Ainda assim, o gargalo não está em conseguir o financiamento, está em comprovar a execução dele.

Nos bancos nacionais, encontramos uma rotina de comprovação apoiada em planilhas complexas, sem validações de negócio no preenchimento, com abas interdependentes e sem conexão direta entre si, e com o conhecimento concentrado em poucas pessoas da equipe.

O dinheiro não deixa de vir porque a obra parou. Deixa de vir porque a comprovação não fechou.

Os dados de fiscalização pública evidenciam a dimensão do problema. Segundo diagnóstico de 2023 do Tribunal de Contas da União, 8,6 mil obras financiadas com verbas federais estavam paralisadas.

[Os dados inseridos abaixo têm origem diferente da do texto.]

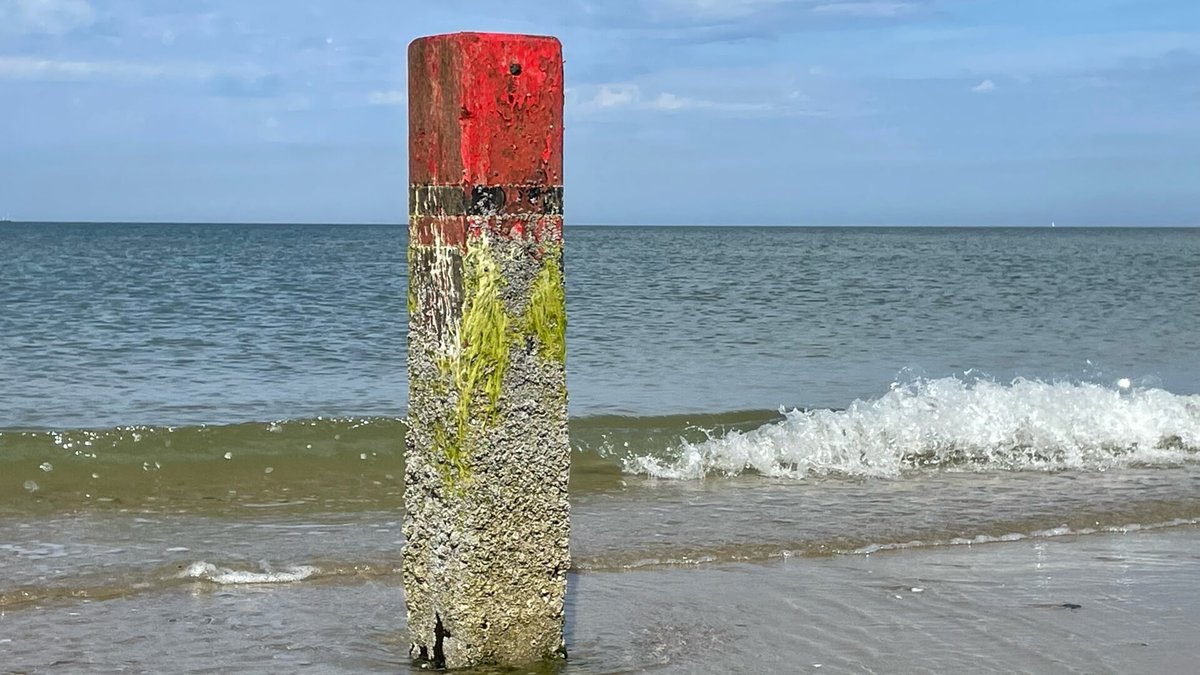 TXL0222's tweet photo. Strandpaal 6 tot en met 33 https://t.co/m3vmlDXvrj https://t.co/sKvzTfcftY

Curiosamente, a origem do problema raramente está na falta de verba: uma auditoria do TCU sobre empreendimentos do PAC apontou que 47% das interrupções decorreram de projetos mal elaborados e limitações técnicas, 23% de obras simplesmente abandonadas, enquanto apenas cerca de 10% tiveram motivação orçamentária.

Ou seja, a maior parte dos fracassos está ligada à falta de planejamento e capacidade de gestão, não à escassez de recursos. De acordo com o mesmo diagnóstico do TCU, foram 8,6 mil obras paralisadas financiadas com recursos federais.

uma auditoria do TCU sobre 2.914 obras do PAC apontou que os motivos das paralisações são:

  • 47%: projeto deficiente/limitações técnicas;
  • 23%: abandono da obra;
  • Cerca de 10%: questões orçamentárias.

Foi esse cenário, recorrente entre os órgãos com quem conversamos, que orientou o desenvolvimento do SAFF Nacional.

O que muda com o SAFF Nacional

O SAFF Nacional é a extensão da mesma plataforma que opera projetos multilaterais há mais de três décadas, agora também dentro das regras de bancos de fomento nacionais.

Na prática, ele substitui as planilhas fragmentadas por uma base única, aplica regras de negócio já na entrada do dado e conecta as informações, de forma que uma alteração se reflete automaticamente em todos os relatórios.

A plataforma organiza a gestão do projeto em módulos de preparação, planejamento, aquisições, financeiro, contábil e gerencial, com recursos de mapa de contratos e de monitoramento e avaliação.

Entre os pontos que essa estrutura entrega estão a execução físico-financeira centralizada, a documentação de apoio ao controle externo dos tribunais de contas, o georreferenciamento das obras e o acompanhamento de prazos e escopos.

Um ponto que considero importante reforçar é o dimensionamento. O escopo de funcionalidades acompanha o porte do projeto, do contrato de repasse de uma creche até um programa multissetorial de um estado.

Isso também vale para quem já é cliente SAFF. Não se trata de migração: conforme o cenário, o que muda é uma adequação de contrato ou um aditivo, mantendo o mesmo sistema e a mesma equipe.

Foi esse avanço que apresentei em um webinar, há poucos dias, ao lado do Jean Vargas, no lançamento do SAFF Nacional. Hoje, a Caixa Econômica Federal já opera com a plataforma, com projetos reais em andamento.

A arquitetura de prestação de contas é a mesma para qualquer banco de fomento, incluindo bancos estaduais e operações intermediadas. O que muda entre eles é o formato exigido, e isso é uma configuração da plataforma.